> [REQUIREMENT]
Pictures stay out; print the rest of the listing below exactly as it stands.

DATA TO USE: Begin

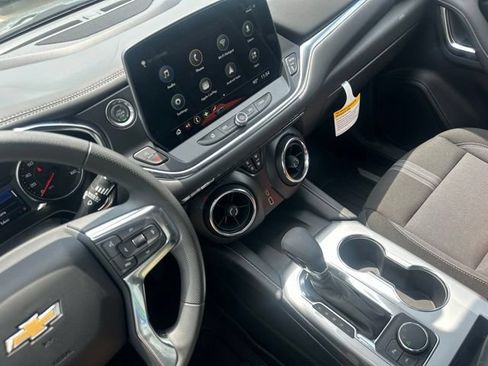 New 2026 Chevrolet Blazer LT w/ Convenience Package FWD image 29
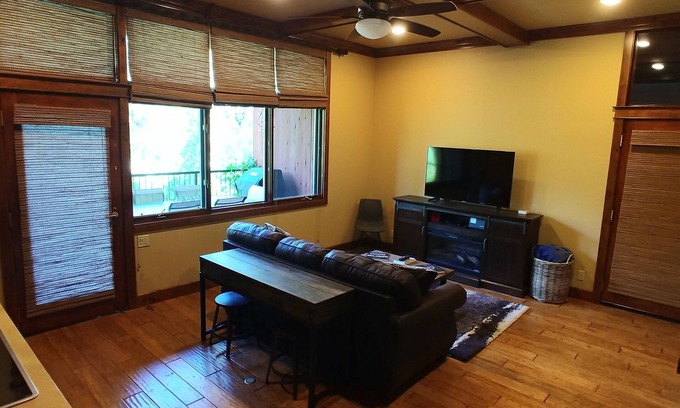 Bigfork Condo | Luxury Riverfront Condo - 2 Bed/2 Bath Downtown Bigfork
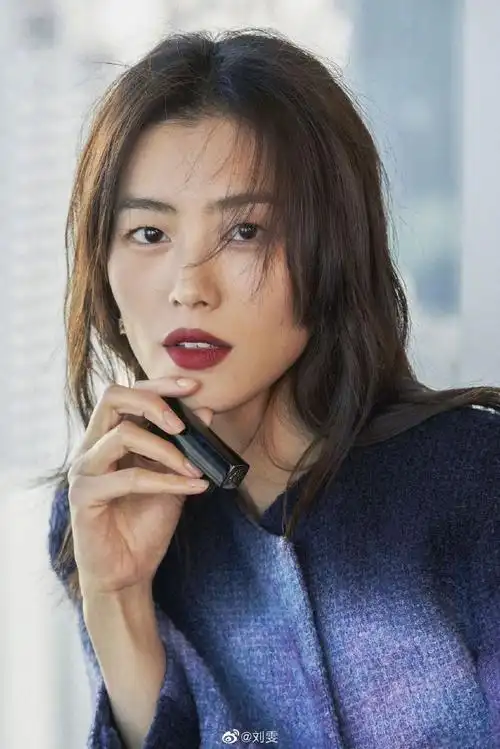 2021,愿我们如狮子般,热情,无畏,真诚生活,自由行走.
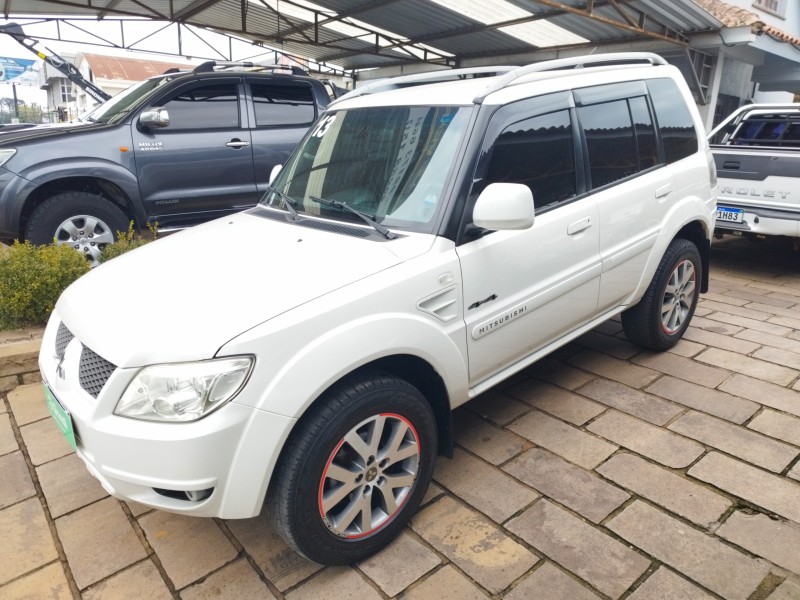 PAJERO TR4 2.0 4X4 16V 140CV FLEX 4P AUTOMÁTICO - 2013 - VERANóPOLIS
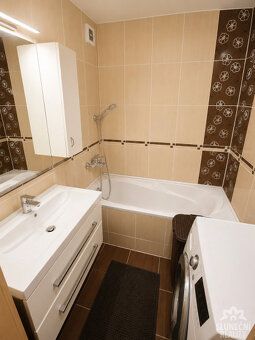 We offer for rent an above-standard equipped apartment with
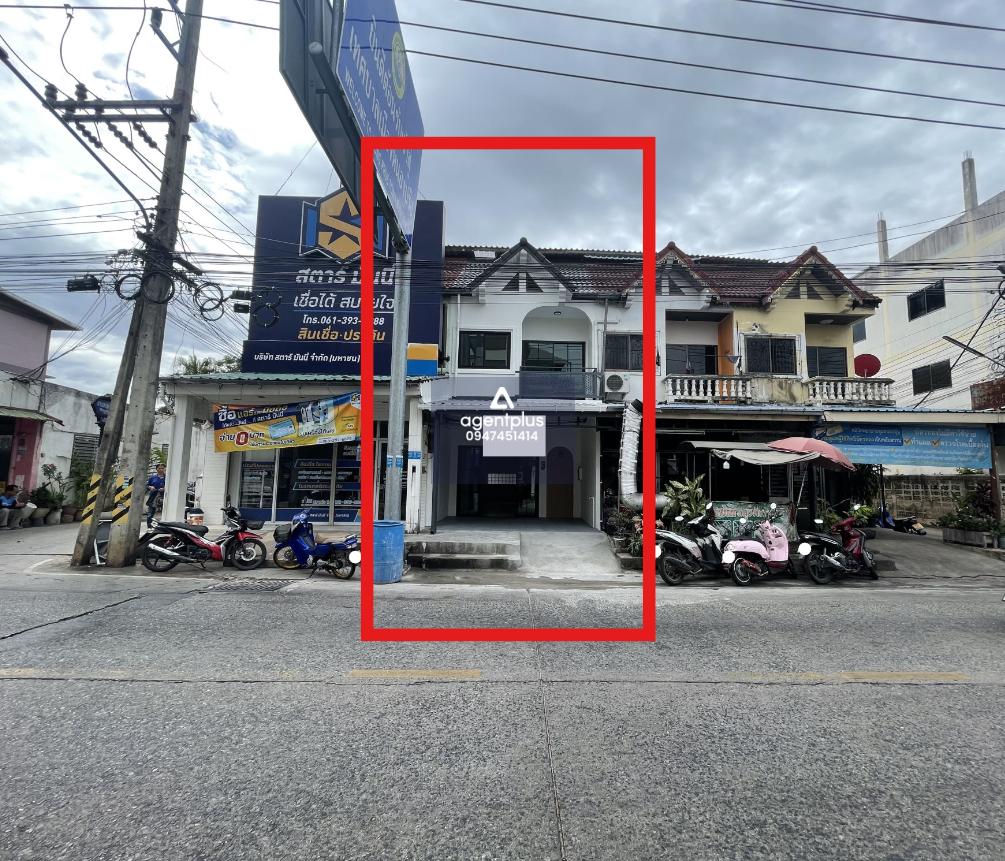 ขายอาคารพาณิชย์ 2 ชั้น ชลบุรี ทำเลดี เหมาะสำหรับอยู่อาศัยหรือทำธุรกิจขนาดเล็ก ใกล้แหล่งชุมชนและถนนหลัก เดินทางสะดวก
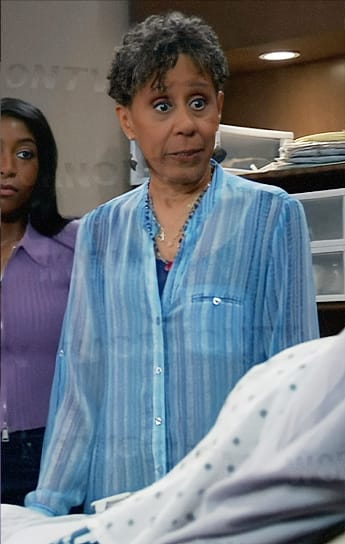 Stella’s vertical striped top on General Hospital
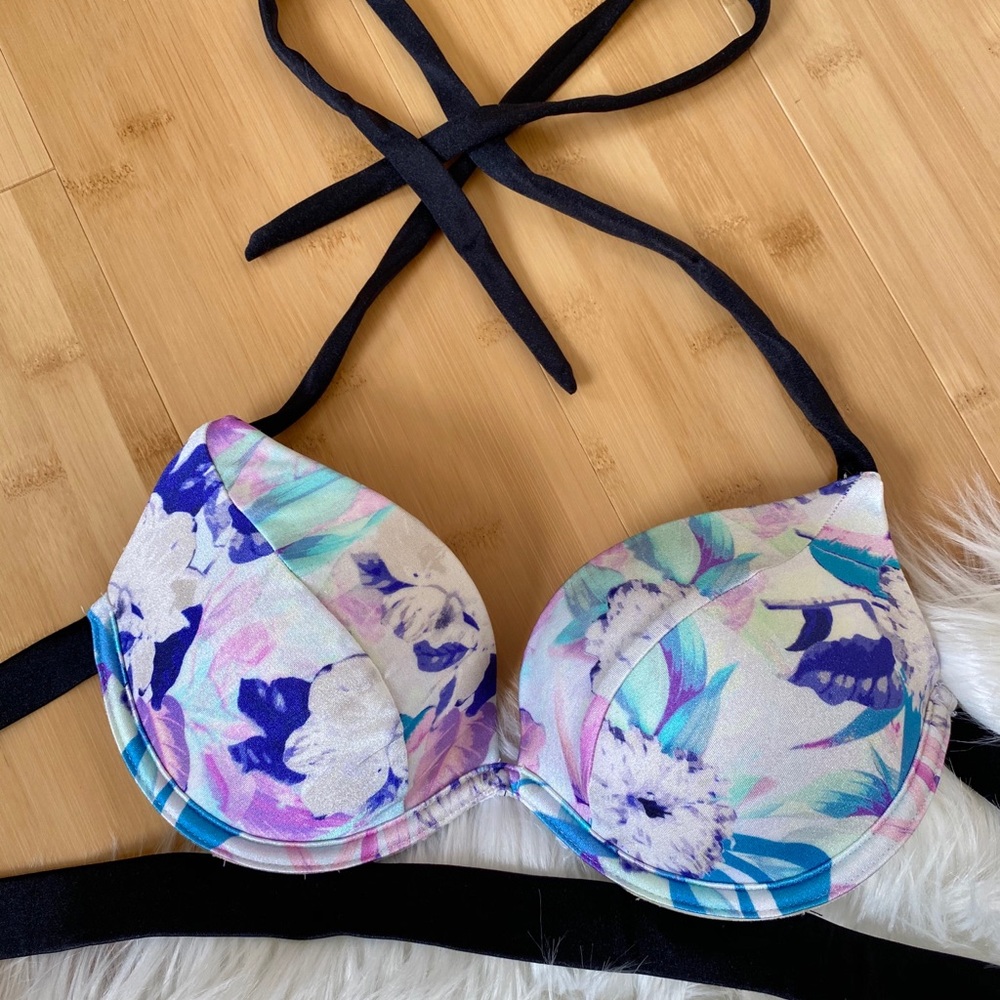Victoria Secret bikini top 👙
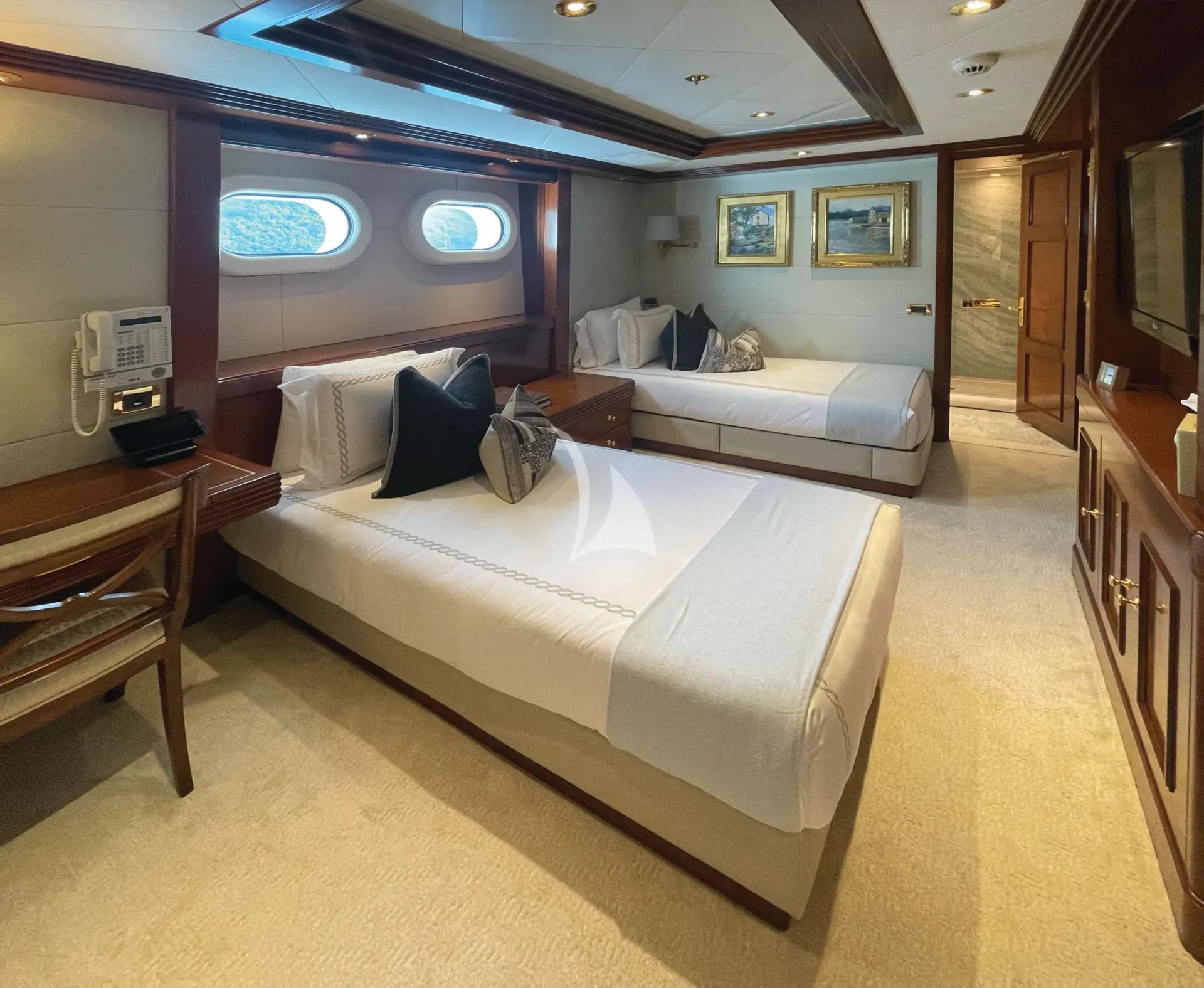 BLUE MOON Charter Yacht
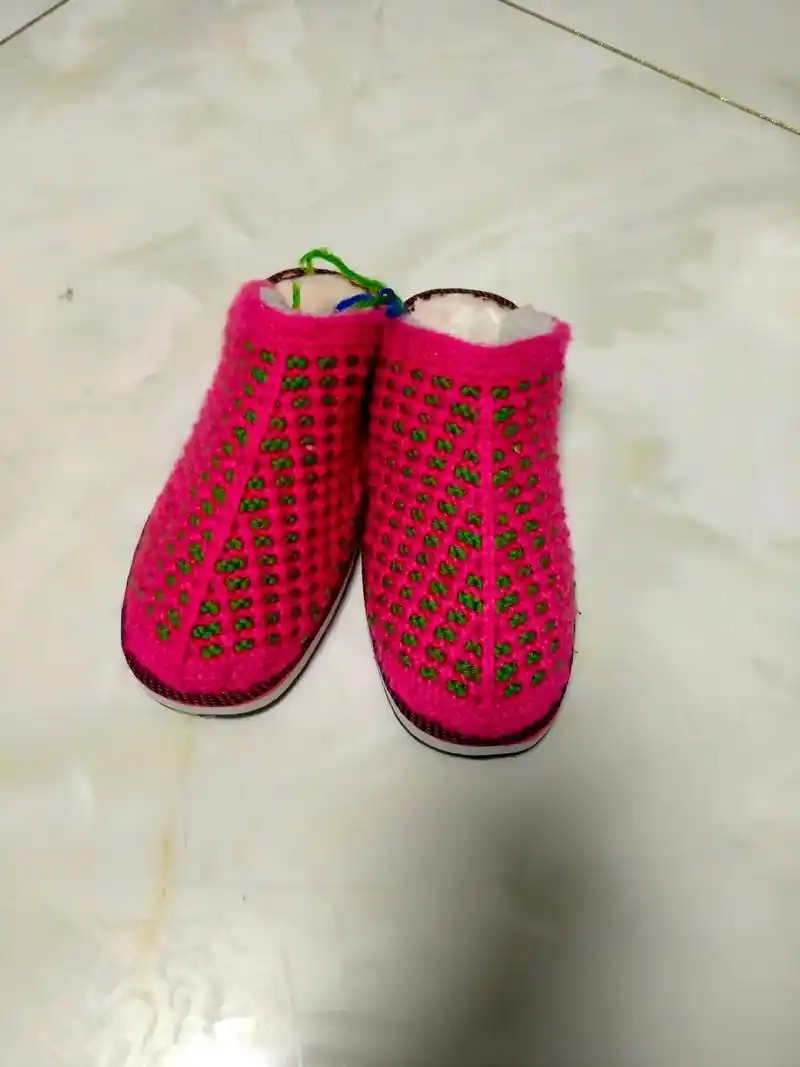 冬天到了,来一波暖脚的爱心拖鞋#纯手工毛线拖鞋  - 抖音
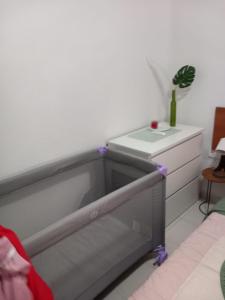 - une chambre avec un cadre de lit et une table avec une plante dans l'établissement FLAMING CB, à Cullera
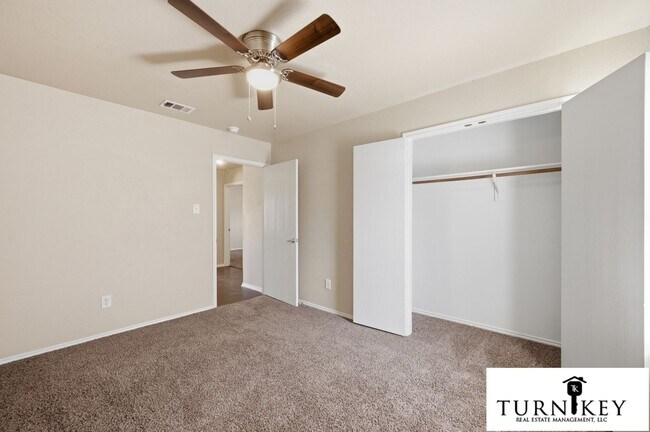 Building Photo - 557 Winbridge Ln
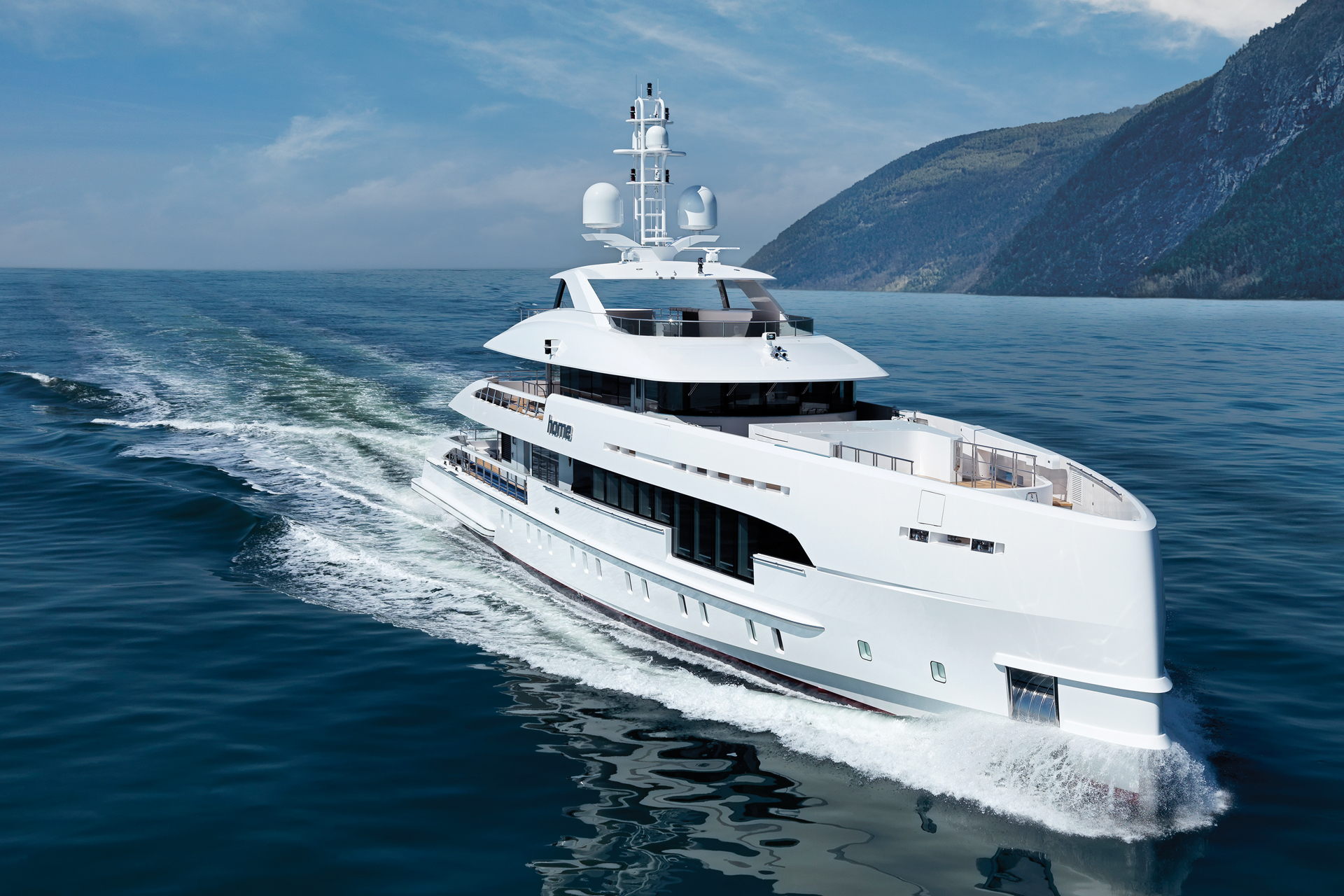 Hessen's 50m Alu FDHF motor yacht -running shot.jpg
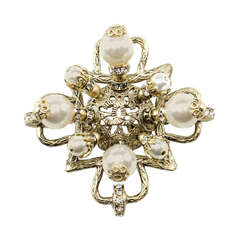 Chanel 07A Brushed Silver & Pearl Brooch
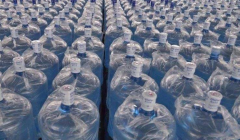 С��Ͱװˮ���˵���ô��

DATA TO USE: End

> [OUTPUT BELOW]
 New 2026 Chevrolet Blazer LT w/ Convenience Package FWD image 29
 Bigfork Condo | Luxury Riverfront Condo - 2 Bed/2 Bath Downtown Bigfork
 2021,愿我们如狮子般,热情,无畏,真诚生活,自由行走.
 PAJERO TR4 2.0 4X4 16V 140CV FLEX 4P AUTOMÁTICO - 2013 - VERANóPOLIS
 We offer for rent an above-standard equipped apartment with
 ขายอาคารพาณิชย์ 2 ชั้น ชลบุรี ทำเลดี เหมาะสำหรับอยู่อาศัยหรือทำธุรกิจขนาดเล็ก ใกล้แหล่งชุมชนและถนนหลัก เดินทางสะดวก
 Stella’s vertical striped top on General Hospital
Victoria Secret bikini top 👙
 BLUE MOON Charter Yacht
 冬天到了,来一波暖脚的爱心拖鞋#纯手工毛线拖鞋  - 抖音
 - une chambre avec un cadre de lit et une table avec une plante dans l'établissement FLAMING CB, à Cullera
 Building Photo - 557 Winbridge Ln
 Hessen's 50m Alu FDHF motor yacht -running shot.jpg
 Chanel 07A Brushed Silver & Pearl Brooch
 С��Ͱװˮ���˵���ô��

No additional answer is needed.